Customer Churn Predictor API
Outcome
Delivered a production-ready churn prediction API and proved an end-to-end ML workflow from data to deployment
Timeline
2 days (prototype → deployment)
Role
AI/ML Engineer
Technologies
Project Overview
The Customer Churn Predictor API is an end-to-end machine learning deployment that predicts customer churn using the Telco Customer Churn dataset. I built and deployed a production-ready model wrapped in a FastAPI microservice and containerized with Docker for portability.
Value: Predict at-risk customers so businesses can prioritize retention actions and measure impact.
Problem & Opportunity
Customer churn is a high-cost problem for subscription-driven businesses. Predicting churn enables targeted retention campaigns and directly improves revenue retention.
This project demonstrates how an ML model can be integrated into standard engineering workflows and delivered as an API that product teams can use.
Dataset & Preparation
- Dataset: Telco Customer Churn (Kaggle).
- Preprocessing: Cleaned missing values, encoded categorical variables, and scaled numeric features.
- Feature focus: demographics, tenure, contract type, and service subscriptions—features aligned with real churn drivers.
Modeling Approach
Baseline & Strategy
I started with Logistic Regression for interpretability, then experimented with tree-based methods. Class imbalance was handled by adjusting class weights and monitoring recall-first metrics to prioritize catching churners.
Evaluation
- Primary metric: Recall (catch churners)
- Secondary: Precision, AUC
- Result: Strong predictive accuracy; top features included contract type, tenure, and monthly charges
Model Management
Models and preprocessing pipelines were serialized with joblib. Experiments were tracked locally (notebooks) and artifacts saved to a `/models` folder for reproducible deployment.

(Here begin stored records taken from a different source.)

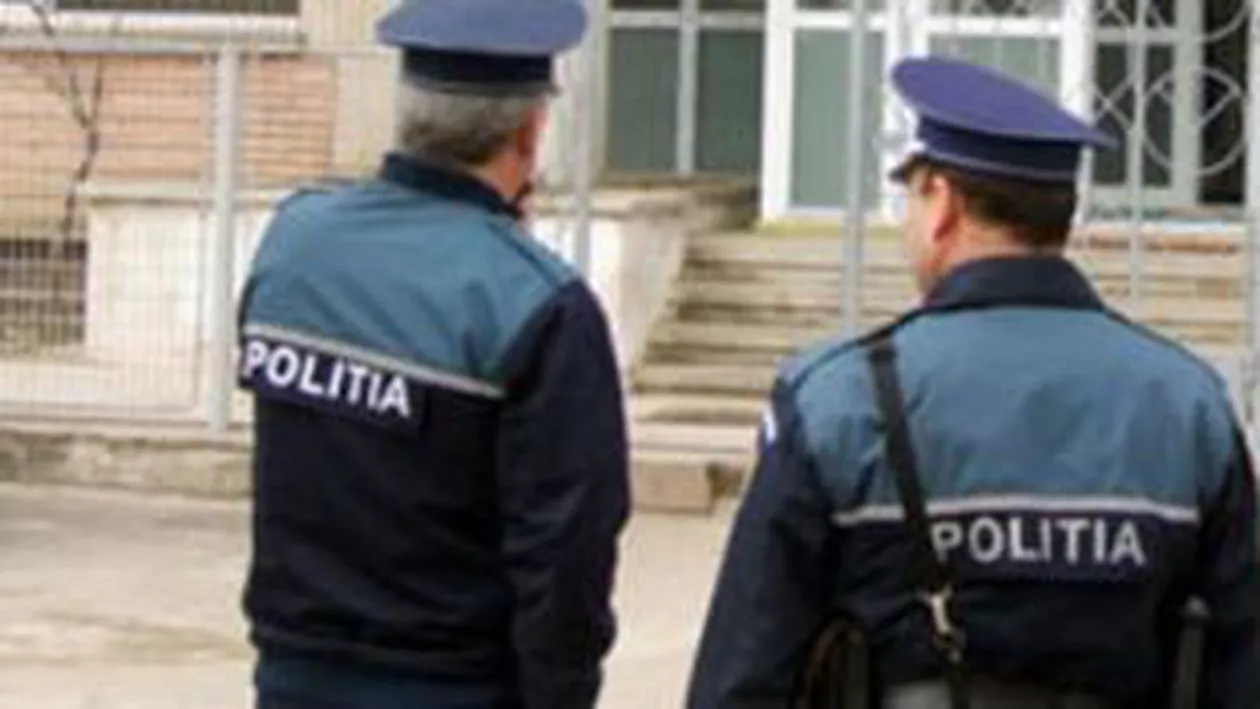 Polițiștii din Timișoara care l-au prins de agresorul celor trei femei înjunghiate, premiați cu diplome de excelență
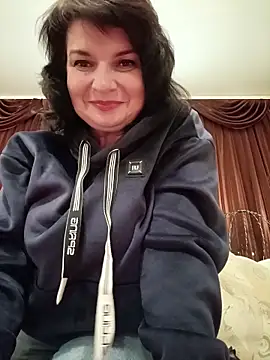 LedyNika online show from 05-01-26, 01:37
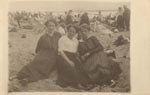 Drei Frauen am Strand Drei Frauen am Strand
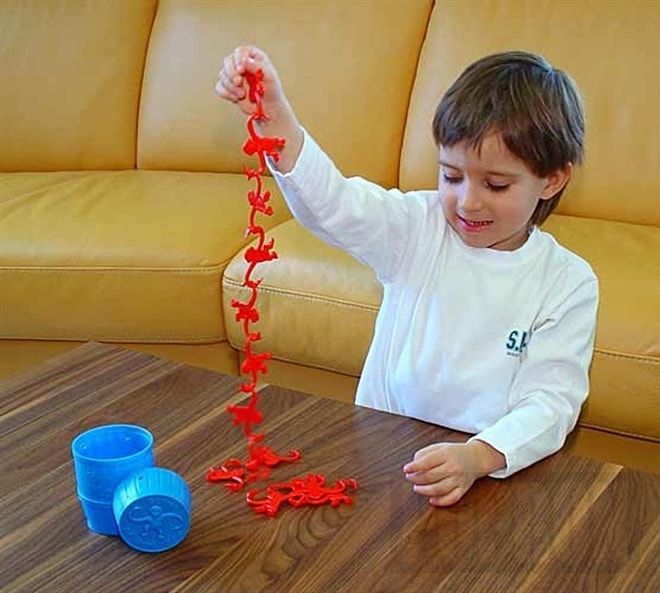 Hra Opičí řetěz + Dárek Puzzle Anne Geddes "Začínající gymnasté" - obrázek 2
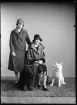 Grupporträtt. Damer med hunden Kal. Dagny Tall, Hallstahammar.
Ur Gustaf Åhmans samling.
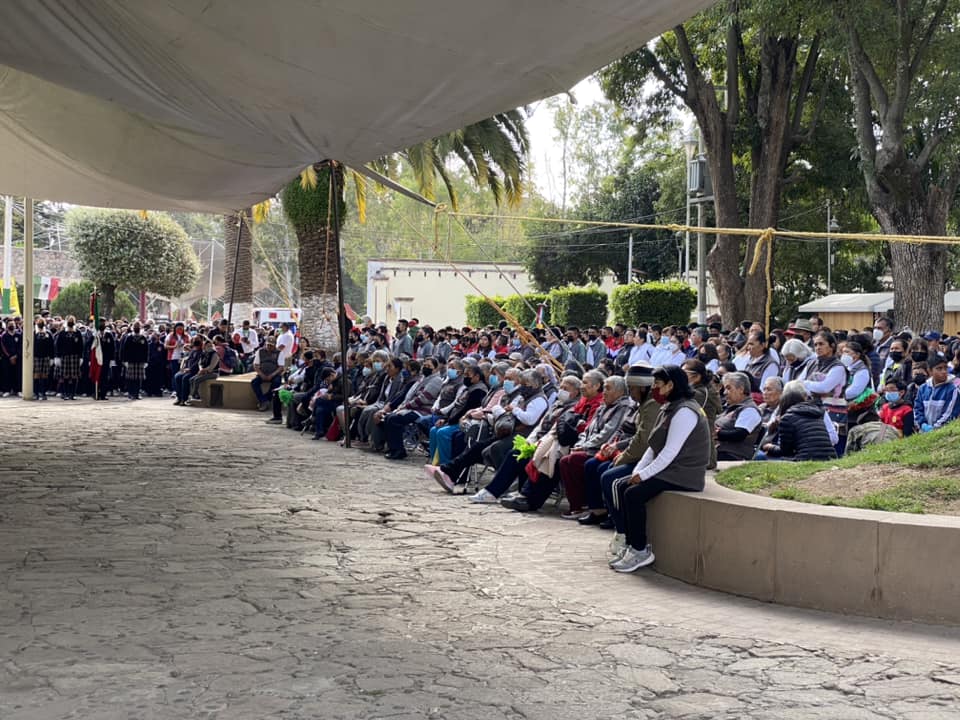 1669061668 28 EL GOBIERNO MUNICIPAL DE TEPETLAOXTOC REALIZO DESFILE CONMEMORATIVO DEL CXII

Repository structure: /notebooks, /app, /models
Technical Architecture & Implementation
Key pieces:
- API:
POST /predictaccepts JSON features and returns churn probability. - FastAPI: Lightweight microservice exposing inference endpoints and simple docs.
- Docker: Containerized for consistent deployment across environments.
- Deployment: Deployed on GCP for accessibility during demos.
Design goal: Make the model usable by product teams through a well-documented, low-latency API.
Challenges & Trade-offs
Pipeline Iteration
Iterating preprocessing without breaking inference required careful serialization of the pipeline and versioned artifacts.
Model Selection
Balanced interpretability vs performance; logistic regression was interpretable but tree-based models improved raw performance.
Deployment Portability
Ensuring the API behaved consistently across environments required Docker and careful dependency pinning.
Monitoring
Production monitoring and model drift detection were out-of-scope but identified as necessary next steps.
Outcomes & Learnings
What I Delivered
A working end-to-end ML pipeline, a serialized model, and a FastAPI service ready for integration.
Skills Gained
- Model evaluation and metric-driven development
- API design and integration
- Containerization and deployment practices
Proudest achievement: Demonstrating the ability to not only train models but to ship them as production-ready services.
Future Directions
- Experiment with XGBoost or Random Forests to improve performance.
- Add MLOps practices: CI/CD pipelines, monitoring, and model versioning.
- Extend the service with a dashboard that visualizes churn risk and business impact.
Reflection
This project was my first true AI/ML engineering experience — connecting data science workflows with software engineering practices. The exercise gave me confidence in making ML usable through APIs and shipping reproducible artifacts.
Advice: don't stop at training a model—wrap it in an API, deploy it, and make it usable. That's when ML becomes real.